■ **PROBLEM TO WORK ON**
Would you retype, word for word, the line with "MOBILE CATTLE HANDLING SYSTEM - 20" and each line after it to the end of the entries below, leaving the pictures out?

============

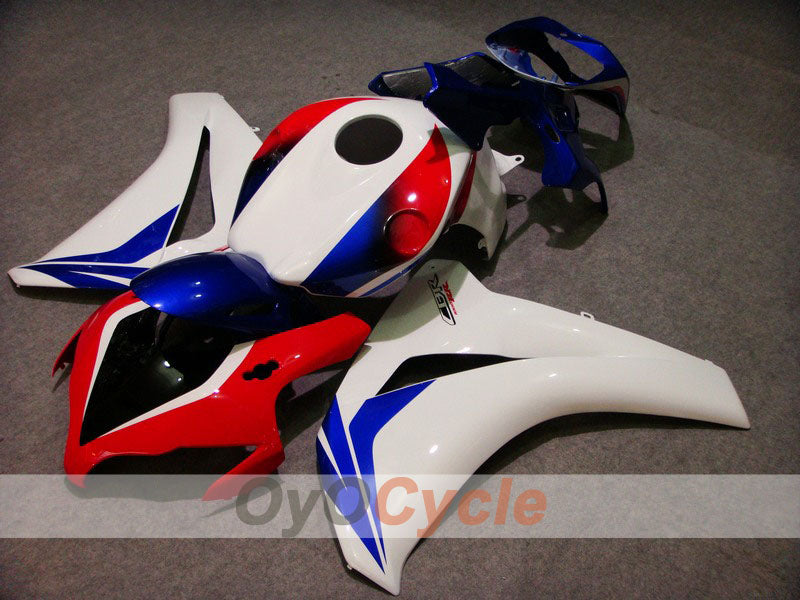 Einspritzverkleidungssatz für CBR1000RR 08-11 - Rot, Weiß - Dream #OYO87900657 Hauptbild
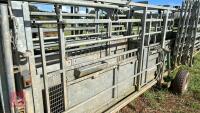 MOBILE CATTLE HANDLING SYSTEM - 20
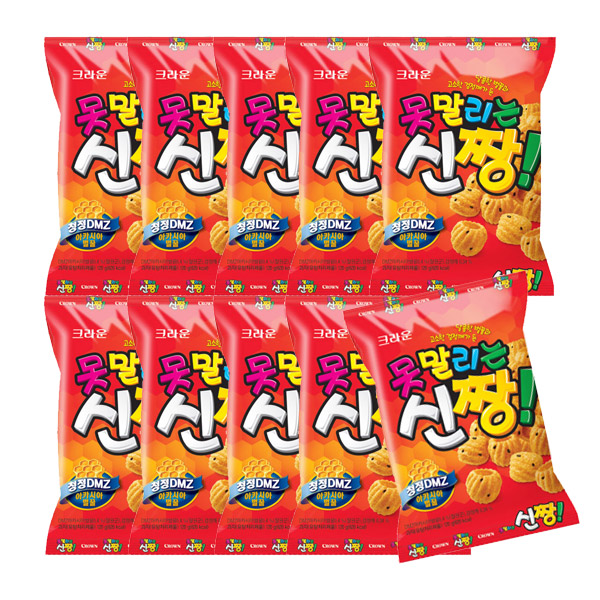 크라운 못말리는신짱 120g, 10개 : 스윗몬365
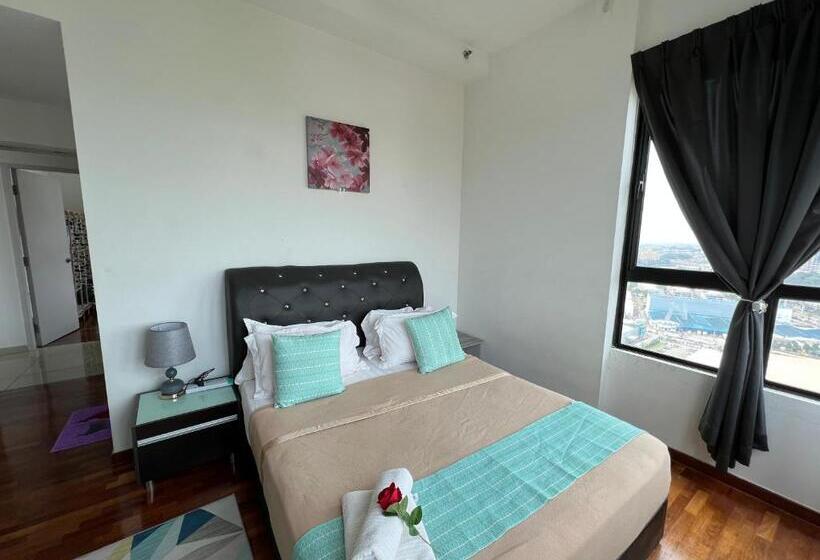 سوییت خانوادگی, D Gunduls Homestay Family Suite 2r 2b By Dgh I City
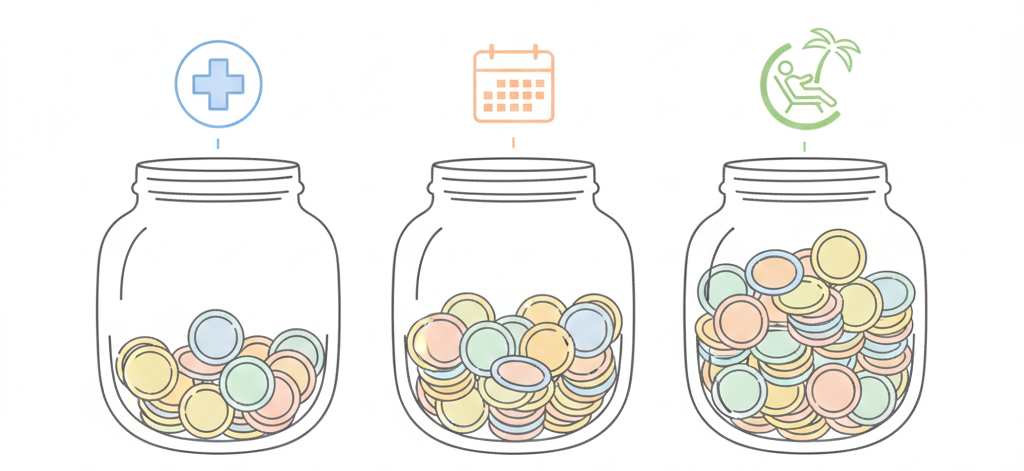 기준금리 예금적금 3바구니 자금 구조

============

■ **YOUR RESPONSE**
 MOBILE CATTLE HANDLING SYSTEM - 20
 크라운 못말리는신짱 120g, 10개 : 스윗몬365
 سوییت خانوادگی, D Gunduls Homestay Family Suite 2r 2b By Dgh I City
 기준금리 예금적금 3바구니 자금 구조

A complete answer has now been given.